Some political analysts are wondering what impact, if any, Mr. Reagan's passing and the reflections on his legacy might have on this year's presidential contest.
"Never before has a great president died in the midst of a tightly contested campaign," said American University presidential historian Allan Lichtman. "Presidents have died previously during election years, but not tightly contested ones like this one," he said.
Professor Lichtman says the generally positive media coverage of Ronald Reagan's presidency this week could give President Bush a political boost at a time when the president's public approval ratings have been sinking.

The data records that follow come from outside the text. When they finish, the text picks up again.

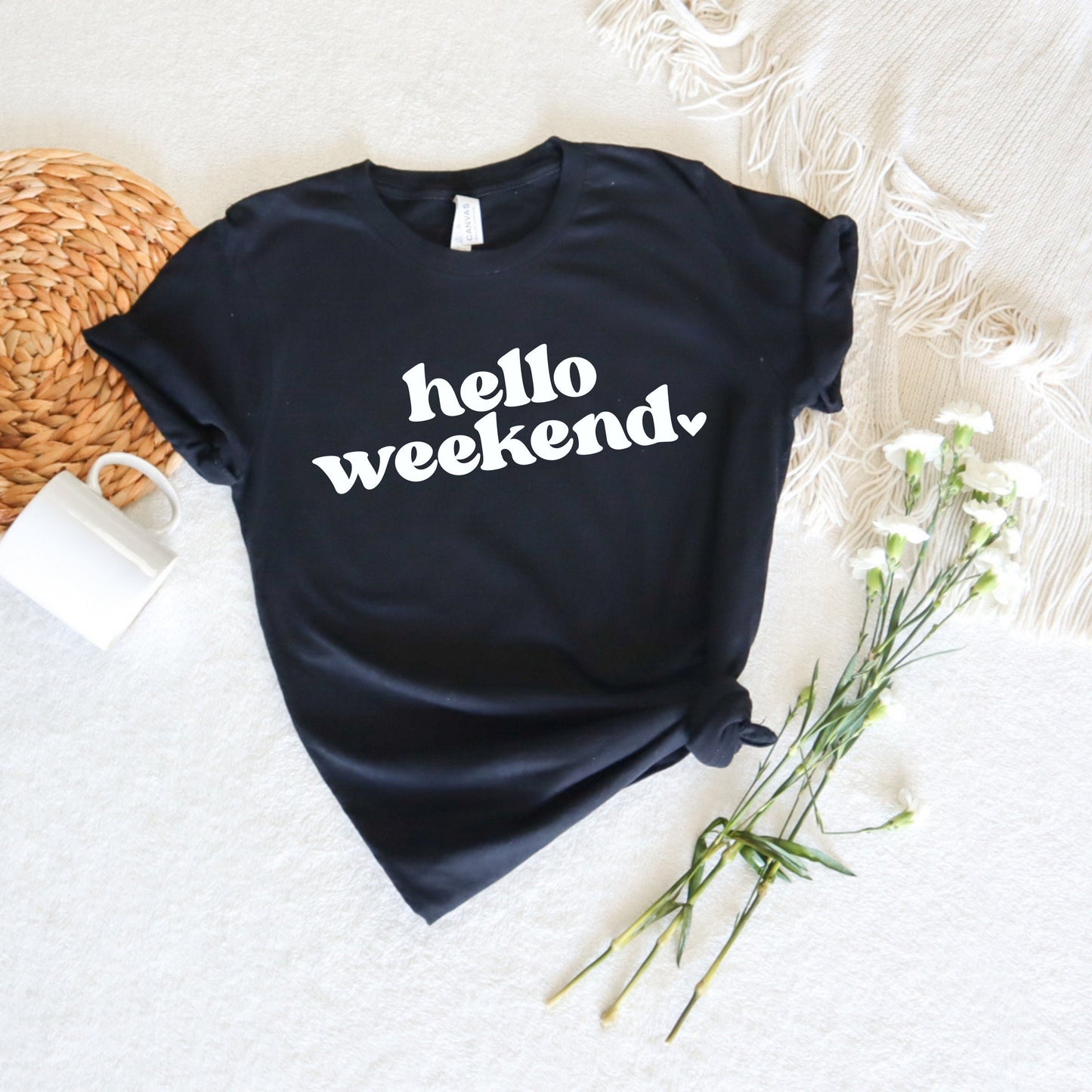 Hello Weekend Shirt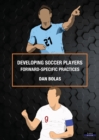 Image for Developing Soccer Players : Forward-Specific Practices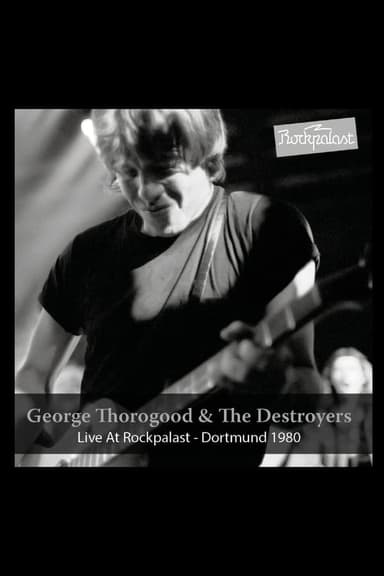 George Thorogood & The Destroyers: Live at Rockpalast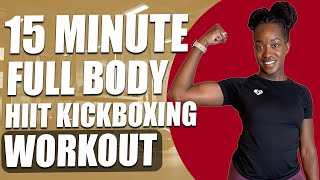 15 Min Full Body HIIT Kickboxing Workout [upl. by Eusebio]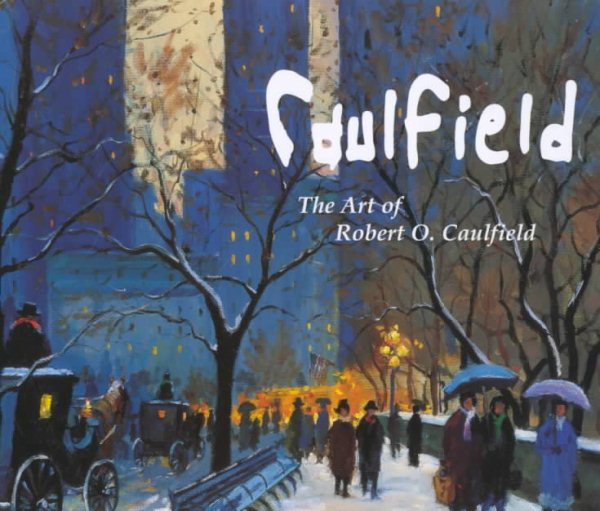 The Art of Robert O. Caulfield cover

"I think it benefits George Bush in two ways. Number one, he is the sitting president and as the sitting president, he will be front and center in the funeral ceremony," he said. "John Kerry will be spectator. Secondly, to the extent that the celebration of Ronald Reagan is a celebration of America's conservative heritage, the natural legatee (heir) of that is not John Kerry, but is George Bush.
But other experts are not so sure. "George W. Bush has made no secret that he wished to the be the heir of Ronald Reagan," said David Gergen, a White House aide for four presidents including Ronald Reagan. "And so I think inevitably, in that sense, he benefits from it. But, the issue becomes as well, does Reagan suddenly seem larger than life and diminish both Kerry and Bush in some way? And I do not know the answer to that question."
Some Democrats worry that the unexpected break in campaigning could slow Senator Kerry's momentum in the polls. But most experts predict that all the attention being paid to the Reagan legacy now will eventually recede into the background as voters resume their focus on Iraq and the domestic economy.